Dataset excerpt ▸
##############################
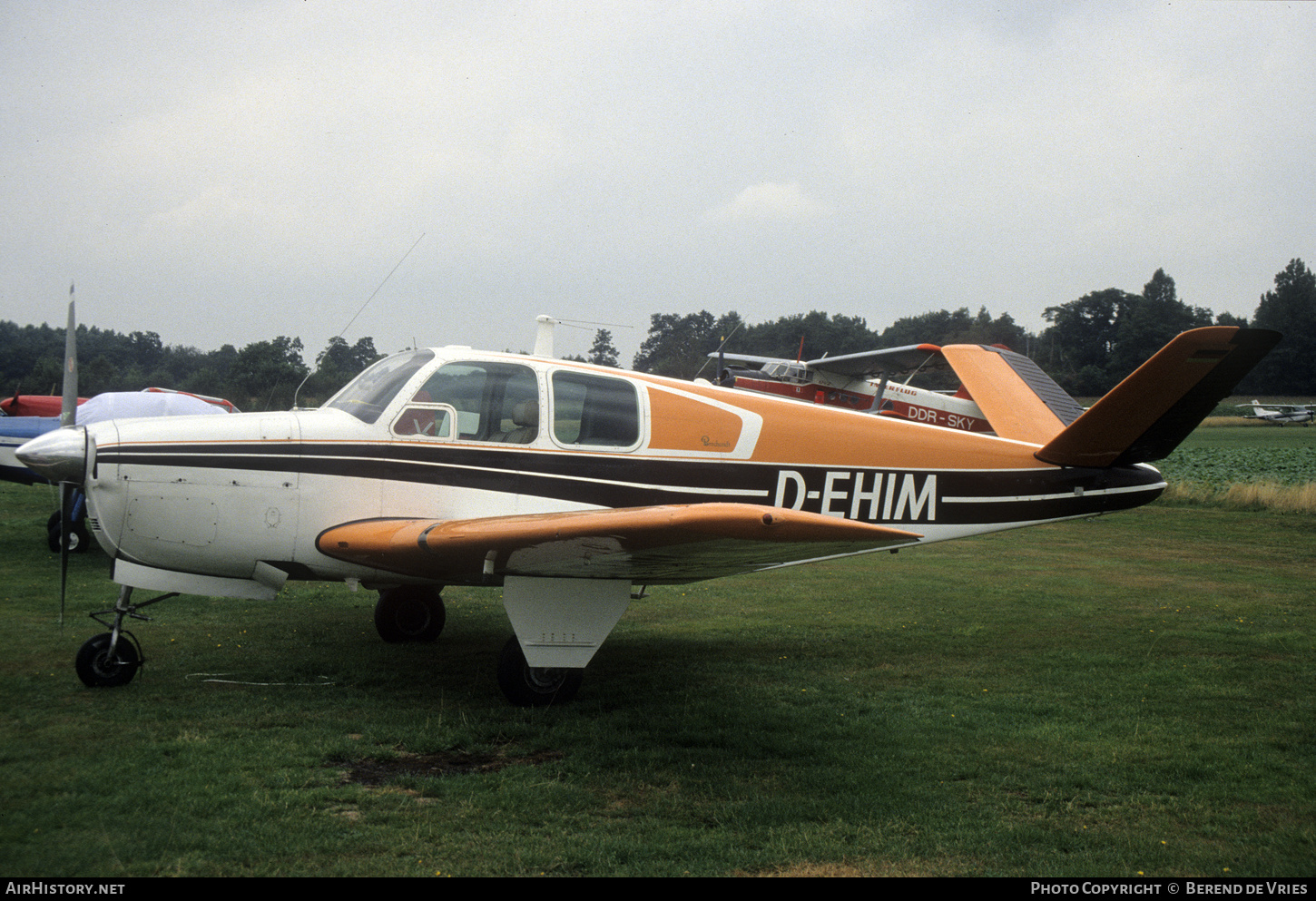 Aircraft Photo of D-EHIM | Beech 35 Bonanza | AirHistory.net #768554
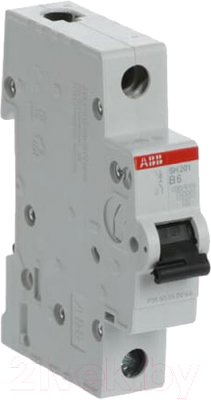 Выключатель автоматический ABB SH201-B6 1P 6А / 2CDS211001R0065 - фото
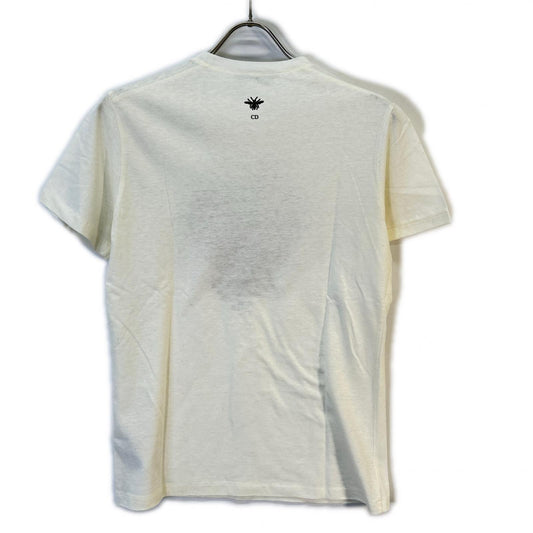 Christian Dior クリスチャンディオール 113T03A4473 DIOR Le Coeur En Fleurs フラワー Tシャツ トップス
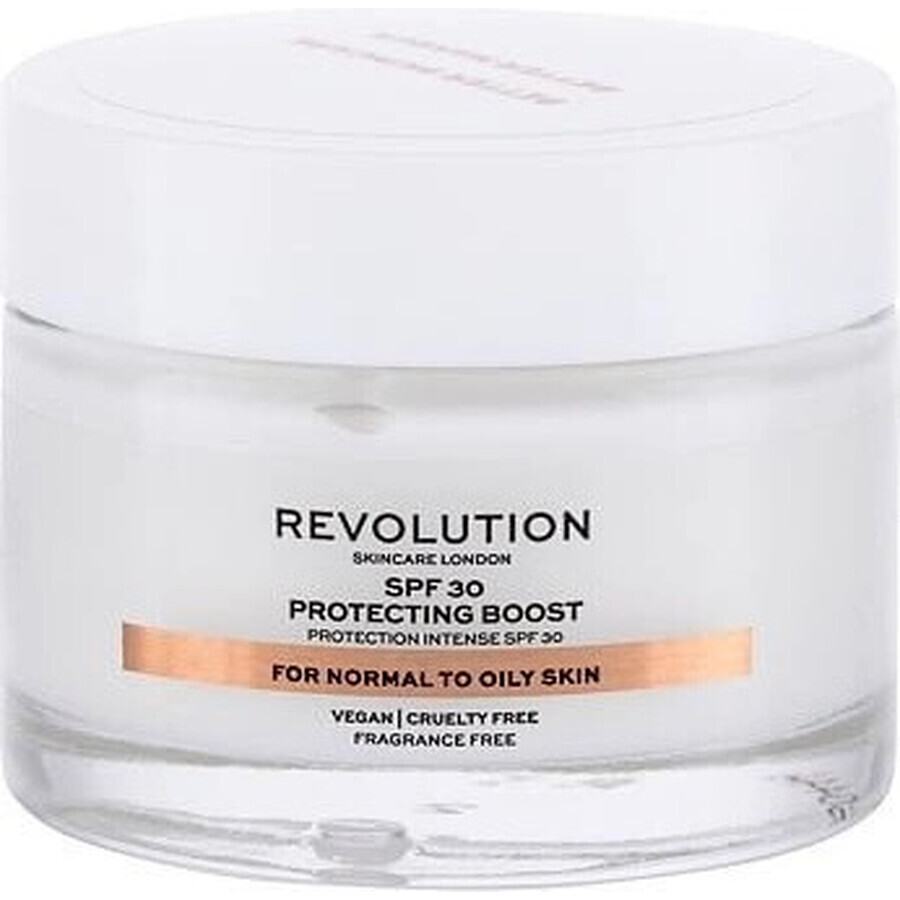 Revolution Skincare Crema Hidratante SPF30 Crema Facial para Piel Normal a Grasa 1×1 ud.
##############################
To do ▸
Set down the data exactly as it appears, without any images.

Solution ▸
 Aircraft Photo of D-EHIM | Beech 35 Bonanza | AirHistory.net #768554
 Выключатель автоматический ABB SH201-B6 1P 6А / 2CDS211001R0065 - фото
 Christian Dior クリスチャンディオール 113T03A4473 DIOR Le Coeur En Fleurs フラワー Tシャツ トップス
 Revolution Skincare Crema Hidratante SPF30 Crema Facial para Piel Normal a Grasa 1×1 ud.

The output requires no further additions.